HEADLINE

Terancam Digusur Polisi, Warga Kapuk Poglar Gagal Bertemu Gubernur Anies

Terancam Digusur Polisi, Warga Kapuk Poglar Gagal Bertemu Gubernur  Anies

KBR, Jakarta- Puluhan warga Kapuk Poglar RT07/RW04, Cengkareng, Jakarta Barat, mendesak Gubernur DKI Jakarta Anies Baswedan mencari solusi atas konflik lahan tempat tinggal mereka dengan kepentingan Polda Metro Jaya. Mereka mendatangi Balai Kota, Jakarta Pusat, Jumat (26/1), dengan tujuan menjelaskan permasalahannya ke Anies.

Namun hal tersebut tidak terjadi. Anies tidak menemui mereka yang sudah berunjuk rasa di depan Balai Kota sejak pagi. Perwakilan mereka, Ketua RT07/RW04 Encu Sunardi, mengatakan  akhirnya hanya bisa mengajukan surat permohonan audiensi dan menyerahkan berkas permasalahan melalui bagian pengaduan di Balai Kota.


"Kami sangat menyayangkan sekali. Dengan kedatangan kami, warga Kapuk Poglar, ingin menyuarakan hak kepada Bapak Gubernur. Mereka bisa berdialog dengan kami. Harapan kami, di sinilah tumpuan kami. Karena memang sudah mengkhawatirkan sekali. Tanggal 8 Februari itu sudah semakin dekat. Mereka sangat khawatir dengan rencana eksekusi oleh Polda Metro Jaya," kata Encu kepada KBR.

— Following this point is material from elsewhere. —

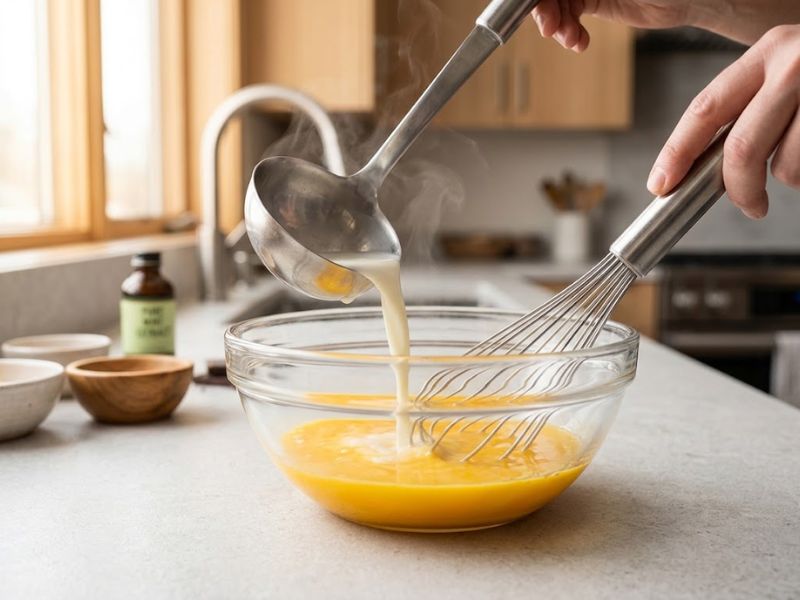 Whisking warm cream into egg yolks to temper ice cream custard base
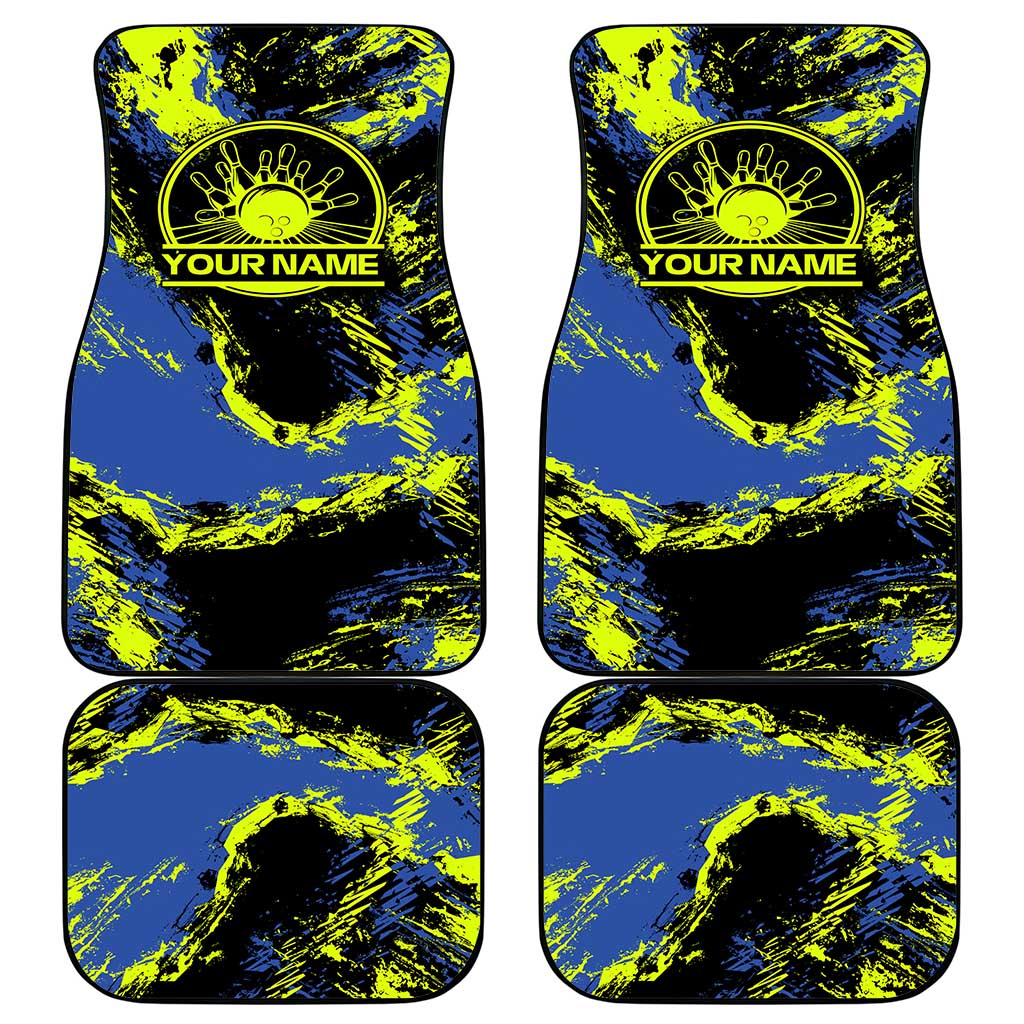 Abstract Blue and Yellow Bowling Ball Strike Design Car Mats with Custom Name Print - Wonder Print Shop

Menurut Encu, Gubernur Anies harus bertanggungjawab kepada warga Kapuk Poglar terkait rencana penggusuran lahan oleh Polda Metro Jaya. Sebab, dia melanjutkan, rencana tersebut mengakibatkan tindakan intimidasi dari polisi kepada warga. Bentuknya, polisi kerap datang bergerombol ke wilayah warga dengan menggunakan pakaian lengkap dan senjata laras panjang.


Kuasa hukum warga dari LBH Jakarta, Charlie Albajili mengatakan, bentuk intimidasi tidak hanya itu. Lebih dari 600 warga di lahan seluas 15.900 meter persegi itu sudah tidak menerima air bersih sejak  2016. 


"Penyetopan air bersih oleh Palija dilakukan, setelah Polda Metro Jaya menerbitkan somasi pertama," kata Charlie.


Dia menjelaskan, polisi sudah memberikan surat somasi sebanyak tiga kali kepada warga yang menyatakan bahwa Polda Metro Jaya akan mendirikan asrama kepolisian di sana. Dua surat somasi terbit di akhir  2016, dan somasi ketiga muncul di akhir 2017.


Setelah somasi tersebut, polisi memasang spanduk permintaan kepada warga untuk segera mengosongkan kawasan tersebut. Charlie menegaskan, Polda seharusnya memikirkan hak-hak warga. Masyarakat tidak boleh merasa terancam karena adanya konflik lahan di sana.


Selain   mengabaikan hak warga, Charlie mengatakan, Polda sepatutnya mengikuti prosedur yang berlaku. Menurutnya, yang berwenang melakukan eksekusi penggusuran adalah Pemerintah Provinsi DKI Jakarta melalui Satuan Polisi Pamong Praja, bukan polisi.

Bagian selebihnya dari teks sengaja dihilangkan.